-- The data follows --

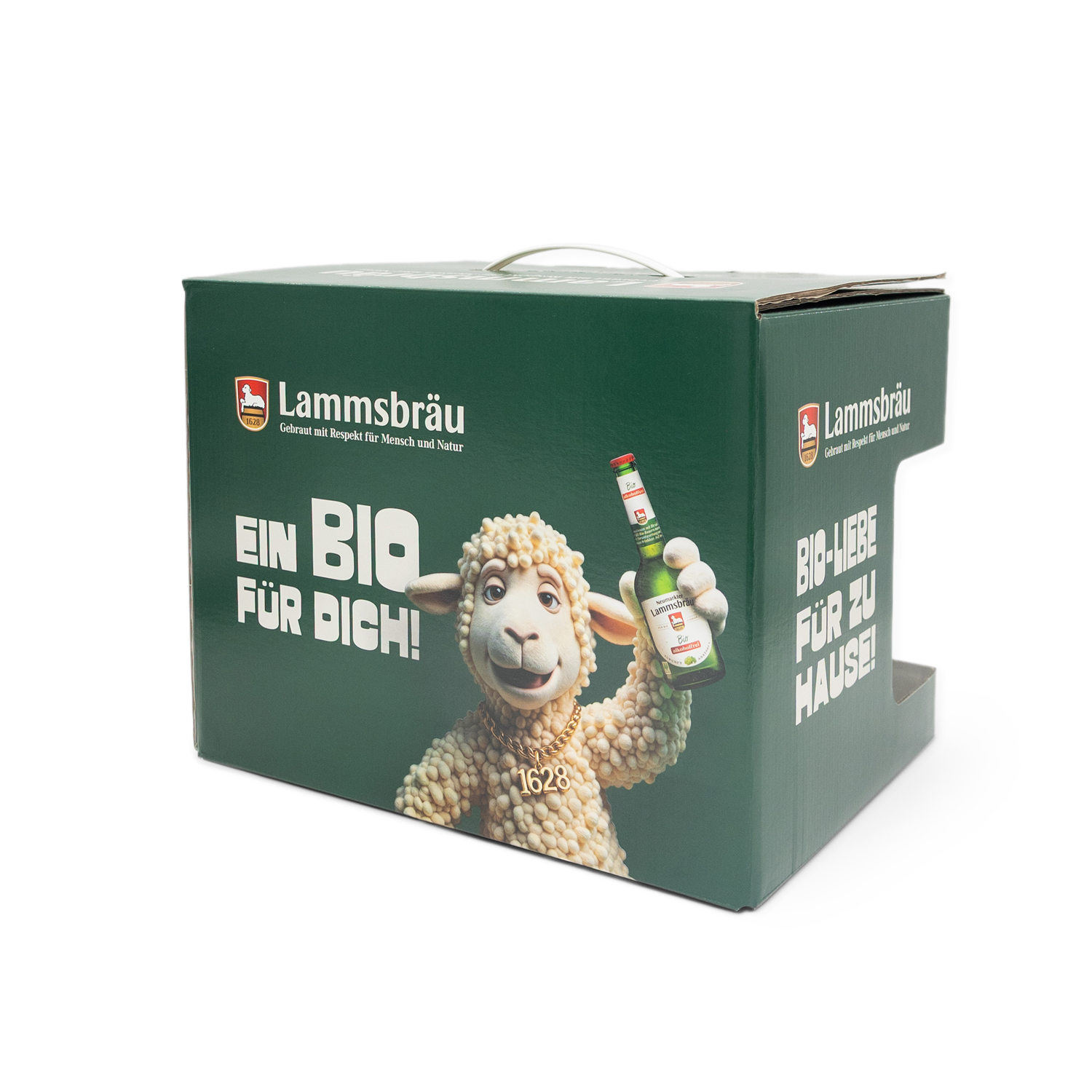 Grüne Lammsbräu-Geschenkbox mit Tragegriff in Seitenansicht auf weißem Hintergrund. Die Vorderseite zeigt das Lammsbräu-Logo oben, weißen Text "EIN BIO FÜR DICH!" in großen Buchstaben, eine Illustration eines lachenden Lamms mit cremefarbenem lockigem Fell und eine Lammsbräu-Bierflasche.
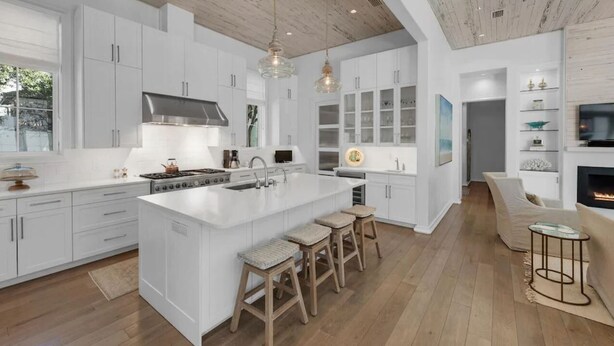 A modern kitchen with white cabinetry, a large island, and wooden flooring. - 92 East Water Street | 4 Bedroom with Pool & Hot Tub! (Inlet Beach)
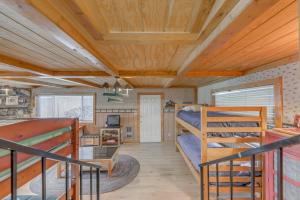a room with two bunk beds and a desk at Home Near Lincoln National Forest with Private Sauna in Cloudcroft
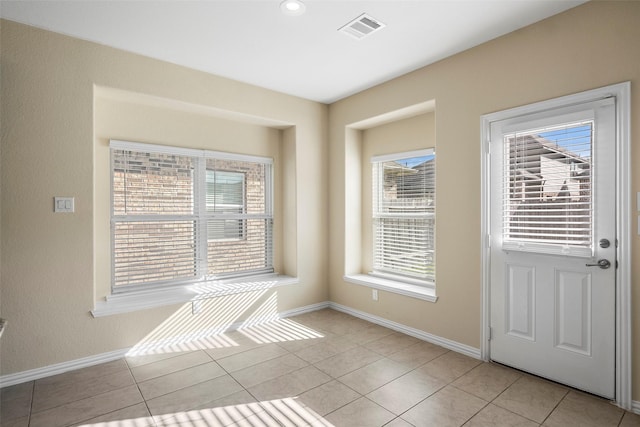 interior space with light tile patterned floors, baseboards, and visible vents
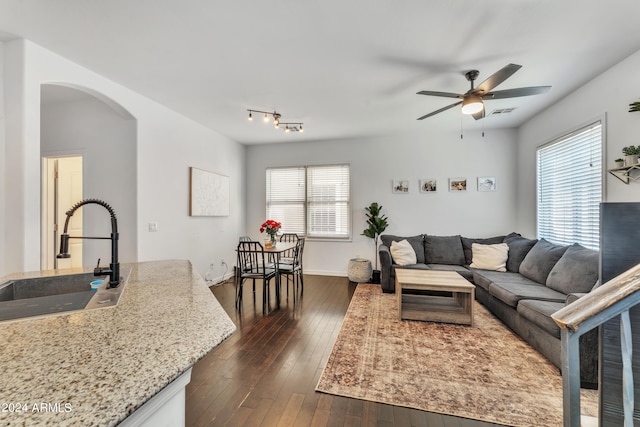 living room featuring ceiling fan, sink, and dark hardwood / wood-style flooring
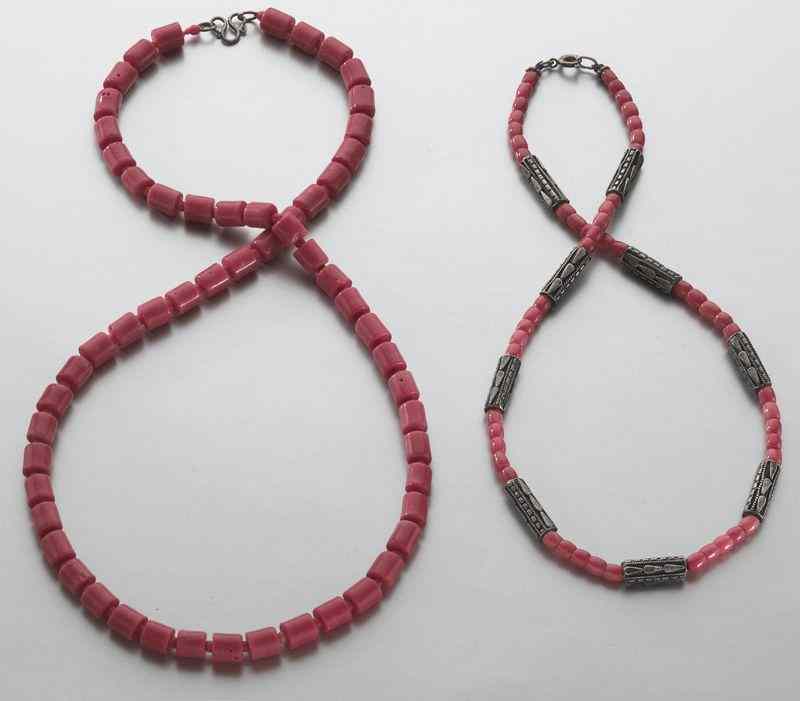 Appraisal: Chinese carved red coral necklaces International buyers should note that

-- The data concluded --

What you have to do:
The task calls for repeating each line above exactly while excluding the pictures.

Exercise output:
 Grüne Lammsbräu-Geschenkbox mit Tragegriff in Seitenansicht auf weißem Hintergrund. Die Vorderseite zeigt das Lammsbräu-Logo oben, weißen Text "EIN BIO FÜR DICH!" in großen Buchstaben, eine Illustration eines lachenden Lamms mit cremefarbenem lockigem Fell und eine Lammsbräu-Bierflasche.
 A modern kitchen with white cabinetry, a large island, and wooden flooring. - 92 East Water Street | 4 Bedroom with Pool & Hot Tub! (Inlet Beach)
a room with two bunk beds and a desk at Home Near Lincoln National Forest with Private Sauna in Cloudcroft
 interior space with light tile patterned floors, baseboards, and visible vents
 living room featuring ceiling fan, sink, and dark hardwood / wood-style flooring
 Appraisal: Chinese carved red coral necklaces International buyers should note that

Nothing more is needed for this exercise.